Film Score: Harry Gregson-Williams Cinematography: Dariusz Wolski
Starring: Matt Damon, Chiwetel Ejiofor, Jessica Chastain and Michael Peña
The film begins on Mars, some twenty years in the future, with a manned mission going about their business of collecting samples and building structures on the surface, just one part of an extended mission program by NASA. Matt Damon is the botanist on the crew, and as he and first officer Michael Peña exchange an onslaught of friendly insults the captain, Jessica Chastain, finally orders their microphones turned off. But soon word of a violent storm comes from NASA and Chastain makes the decision to abort the mission after only a couple of weeks because the winds will topple their ship and leave them stranded if they stay. By the time they are prepared to leave the stand storm is already on them, and when Damon is hit by a piece of debris his suit is damaged and they are forced to leave him for dead. The rest of the crew barely lifts off in time, but they make it. Ironically, so does Damon. The antenna that punctured his suit and killed his communications signal was also surrounded by blood that inadvertently sealed the suit. He manages get back to the habitat, removes the antenna, and sews himself back up, but now he’s stranded. The conceit to keep him talking onscreen is a video log that he’s keeping for whoever finds his body on the next mission, which is still four years away. But as he sets about collecting all of the food they have brought, and improving his battery recharging capabilities, and fixing the rover for transportation, Mackenzie Davis sees the movements back on Earth and so they know he’s alive, but they have no way to communicate with him.

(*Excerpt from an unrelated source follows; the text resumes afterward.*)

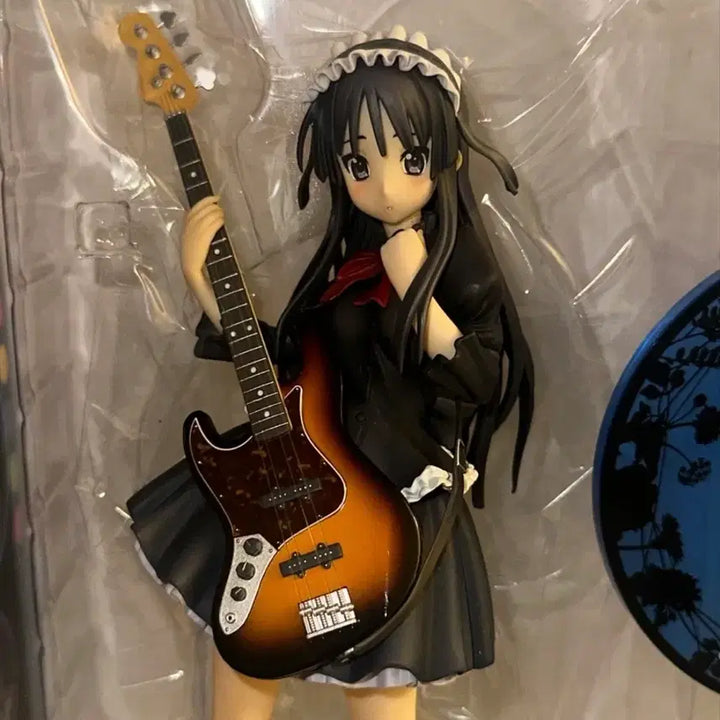 [BUNJANG] Alter K-ON! Mio Akiyama Festival Ver. 1/8 Scale Figure / 케이온 알터 미오 페스티벌 1/8 피규어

Back on earth the head of NASA, Jeff Daniels, doesn’t want to tell his crew who are now on their way back home. Sean Bean, the head of flight control disagrees, but it’s a moot point. It will take something on the order of two years before a supply rocket can make it all the way to Mars, and longer than that before the next manned ship can make it back there. Chiwetel Ejiofor is the NASA mission director who manages to communicate with Damon, once he figures out why the astronaut has gone after an old Mars probe from the twentieth century, and Donald Glover is the astro-physicist who figures out how to make the rescue much quicker. In many ways this is a star-studded feature that never really challenges the viewer’s emotions in the way that Gravity does, but then that’s not the point. The goal of the film was always box-office dollars rather than artistry, and in terms of entertainment it succeeds admirably. The humor that comes from the screenplay for Matt Damon’s character is wonderful. He is self-deprecating at times, angry at the situation at other times, an a hero throughout, using his physical skills and scientific knowledge to keep himself alive by coming up with a heat source and an artificial atmosphere that enables him to grow potatoes--with the help of human feces for fertilizer. And while there is suspense, there is never the gnawing sense of isolation that there is in Gravity, or even in Cast Away. Even the half-hour communication lag time is glossed over in most instances and is never really emphasized except in the climax.

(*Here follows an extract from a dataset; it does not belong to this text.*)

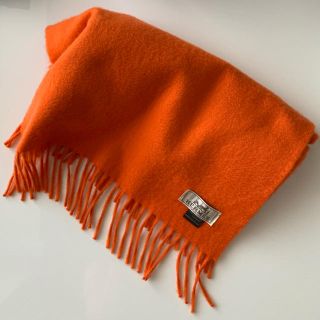 エルメス(Hermes)のカシミヤ100 マフラー(マフラー)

One of the dubious aspects of the film that stands out--and to be fair to Scott it may be inherent in Weir’s original novel--is something I call anachronistic pandering. The references to the seventies which includes disco music, quite unbelievably the only music Damon can find on anyone’s personal computer, and episodes of Happy Days, all seem calculated to boost popularity among an older audience that was alive then, as a way of increasing viewers in that older generation who might not go to the film otherwise. There are also references to other films, most noticeably Apollo 13 when Sean Bean sneaks up rescue plans to the crew and they write back to NASA calling Donald Glover “a steely-eyed missile man.” But ultimately the film belongs to Matt Damon. He carries the film in the same way as Tom Hanks did in Cast Away, but there was also an effort made to keep the story light, staying away from the morose introspection of something like Moon by emphasizing the humor and the survival spirit of Damon’s character. The film combines generally accurate science with a real sense of being on another planet, and a human story that is engaging without the need for an actual villain in the piece. And that is probably one of the most refreshing aspects of the film. With no supernatural or science-fictional enemies, nor the kind of infighting usually seen on space opera crews, the protagonist is left with only the elements to fight--something everyone can relate to and making the film a universal experience. In that sense, The Martian is simply delightful.